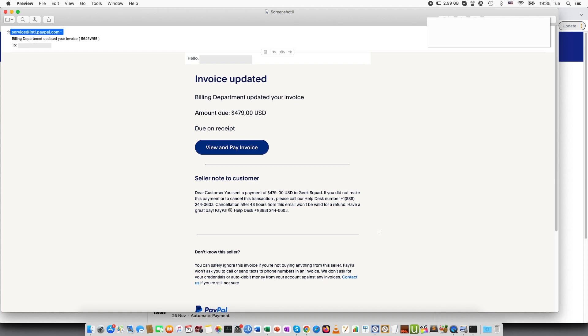Hi guys, in this video I will be talking about an email I received called Geek Squad and this is a scam email.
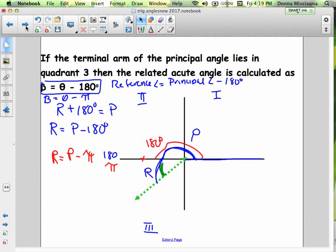If the terminal arm of the principal angle lies in quadrant 3, we're past 180 degrees. The reference angle plus 180 gives the principal angle. So we subtract 180 from the principal angle to get the reference angle. And I forgot to mention: when we're in radians, the same idea applies but we use π instead of 180.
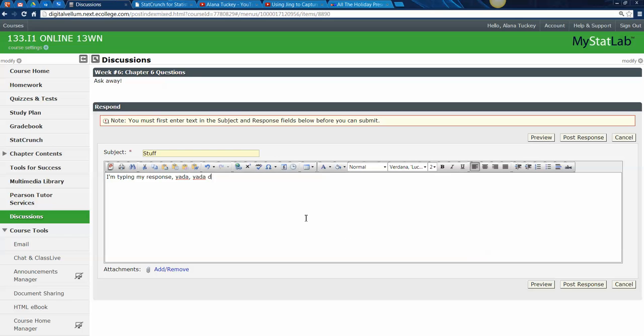Hello, this is Alana Taki and I wanted to show you some of the features that can be useful to you as you're typing up your discussion board responses. In particular, I wanted to show you how to make hyperlinks, but there's some other useful stuff in here too.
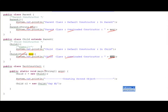In the main program, first we will create a normal object from the child class which calls the default constructor. Then another object is created from the child class calling the overloaded constructor.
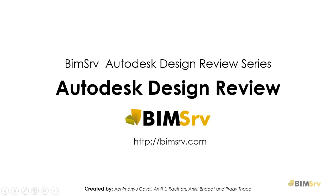Hi, this is Abhimanyu from BIMServ Projects. Today, I shall give a basic introduction to Autodesk Design Review.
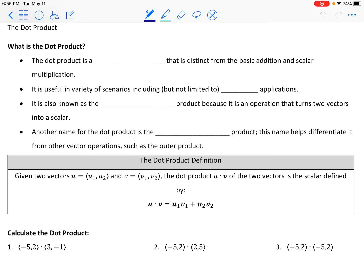Hello and welcome to our lesson on the dot product. The dot product is a vector operation that is distinct from basic addition and scalar multiplication. It's similar to the last topic where we talked about adding vectors, subtracting vectors, and multiplying by scalars — it's an operation but distinct from those in that it's not so basic.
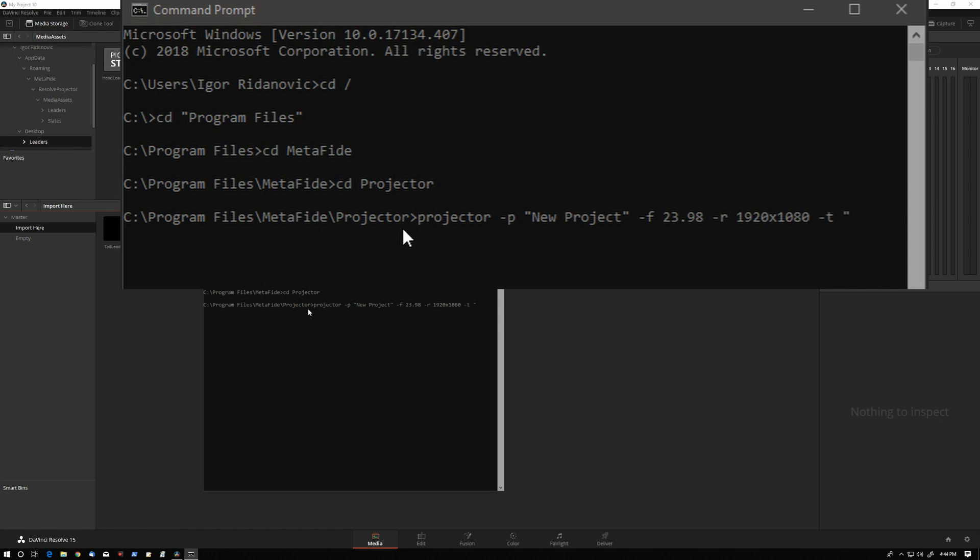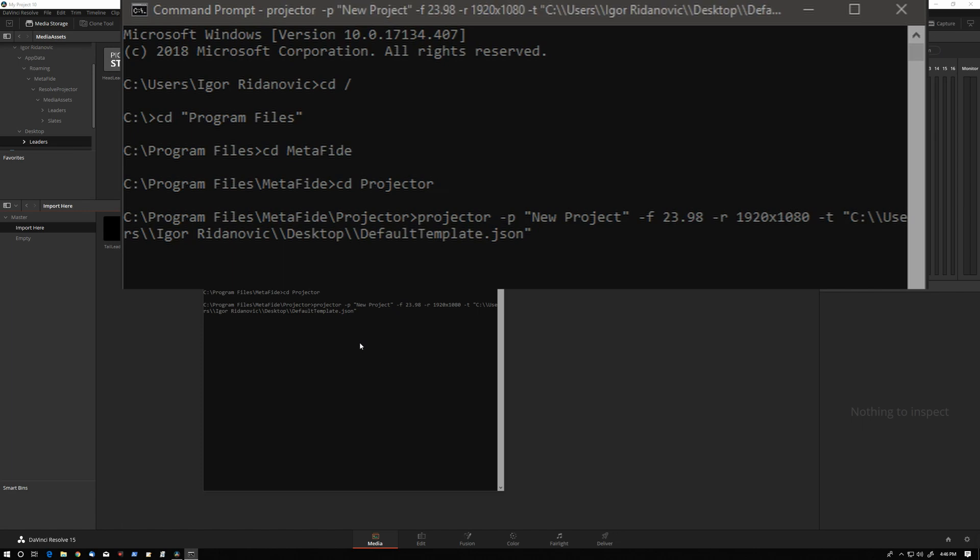And I will go back to that original template that we saved when we first started the tutorial and that sits on my desktop. Let's execute this.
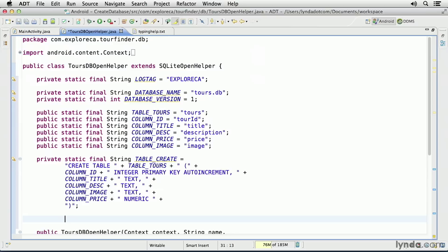And then there are three text columns and one numeric column. For more information about the available data types in SQLite, see the SQLite documentation and other information that's included in the Android API docs documentation.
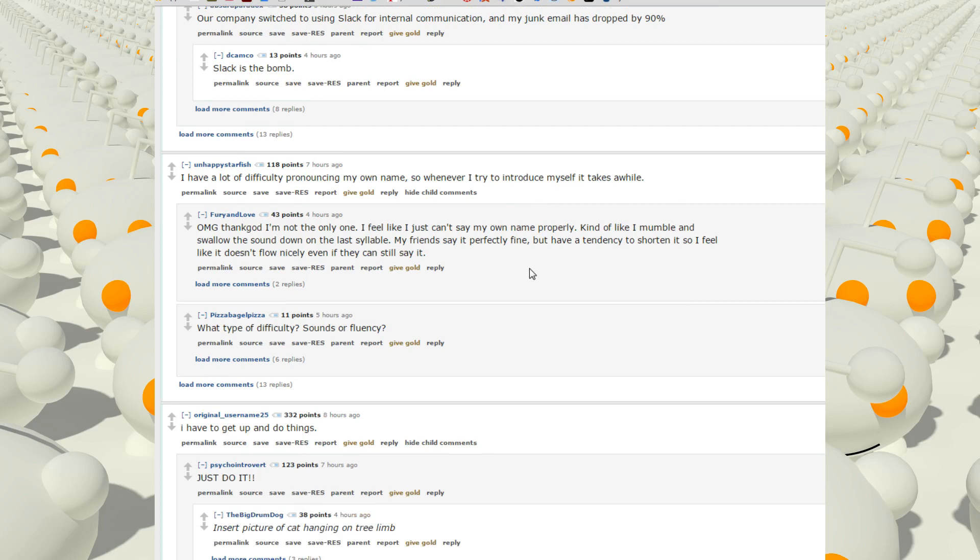I have a lot of difficulty pronouncing my own name, so whenever I try to introduce myself it takes a while. Oh my god, thank god I'm the only one. I feel like I can't say my own name properly, kind of like I mumble and shut and swallow the sound down on the last syllable. My friends say it perfectly fine but have a tendency to shorten it, so I feel like it doesn't flow nicely even if they can still say it.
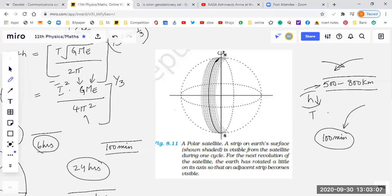In a day, complete information about the poles and the equatorial plane — everything can be recorded and sent by these polar satellites. So that's all about polar satellites. The last thing in this chapter is weightlessness, so let's talk about that also.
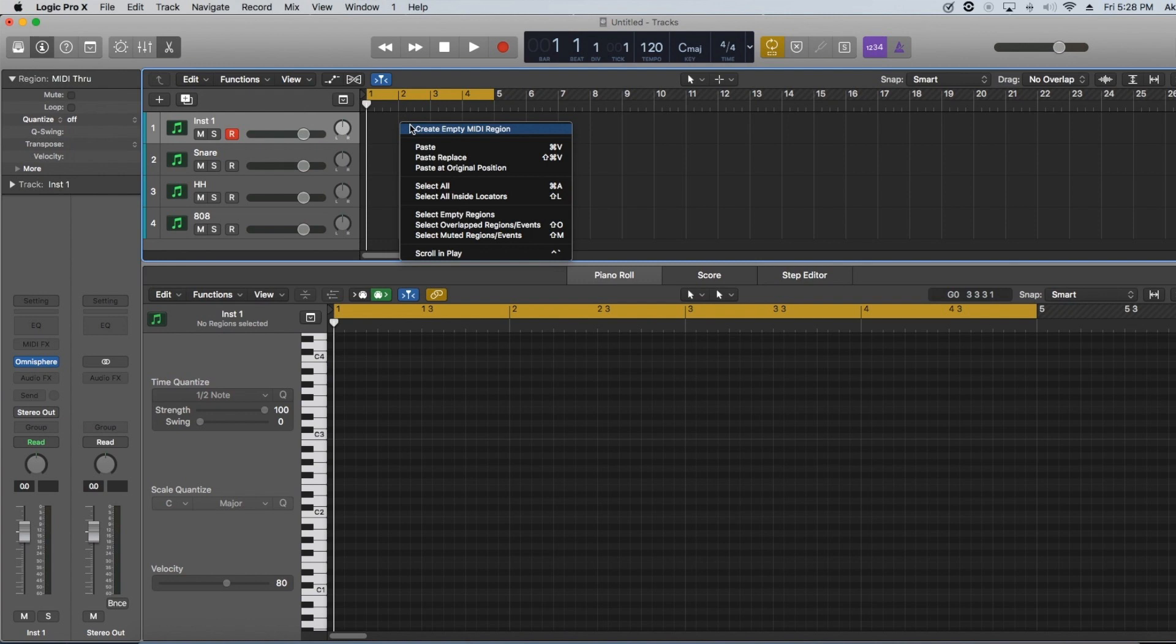Yo, what's good guys? It's your boy Kale back with another video. Today I'm just going to show you guys how to make simple chord progressions easily in Logic without a MIDI controller.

━━━━━━━━━━━━━━━━

**PROBLEM TO WORK ON**.
What you return should match the records above word for word, minus the pictures.

**RESULT FOR THIS TASK**.
Hi guys, in this video I will be talking about an email I received called Geek Squad and this is a scam email.
If the terminal arm of the principal angle lies in quadrant 3, we're past 180 degrees. The reference angle plus 180 gives the principal angle. So we subtract 180 from the principal angle to get the reference angle. And I forgot to mention: when we're in radians, the same idea applies but we use π instead of 180.
Hello, this is Alana Taki and I wanted to show you some of the features that can be useful to you as you're typing up your discussion board responses. In particular, I wanted to show you how to make hyperlinks, but there's some other useful stuff in here too.
In the main program, first we will create a normal object from the child class which calls the default constructor. Then another object is created from the child class calling the overloaded constructor.
Hi, this is Abhimanyu from BIMServ Projects. Today, I shall give a basic introduction to Autodesk Design Review.
Hello and welcome to our lesson on the dot product. The dot product is a vector operation that is distinct from basic addition and scalar multiplication. It's similar to the last topic where we talked about adding vectors, subtracting vectors, and multiplying by scalars — it's an operation but distinct from those in that it's not so basic.
And I will go back to that original template that we saved when we first started the tutorial and that sits on my desktop. Let's execute this.
And then there are three text columns and one numeric column. For more information about the available data types in SQLite, see the SQLite documentation and other information that's included in the Android API docs documentation.
I have a lot of difficulty pronouncing my own name, so whenever I try to introduce myself it takes a while. Oh my god, thank god I'm the only one. I feel like I can't say my own name properly, kind of like I mumble and shut and swallow the sound down on the last syllable. My friends say it perfectly fine but have a tendency to shorten it, so I feel like it doesn't flow nicely even if they can still say it.
In a day, complete information about the poles and the equatorial plane — everything can be recorded and sent by these polar satellites. So that's all about polar satellites. The last thing in this chapter is weightlessness, so let's talk about that also.
Yo, what's good guys? It's your boy Kale back with another video. Today I'm just going to show you guys how to make simple chord progressions easily in Logic without a MIDI controller.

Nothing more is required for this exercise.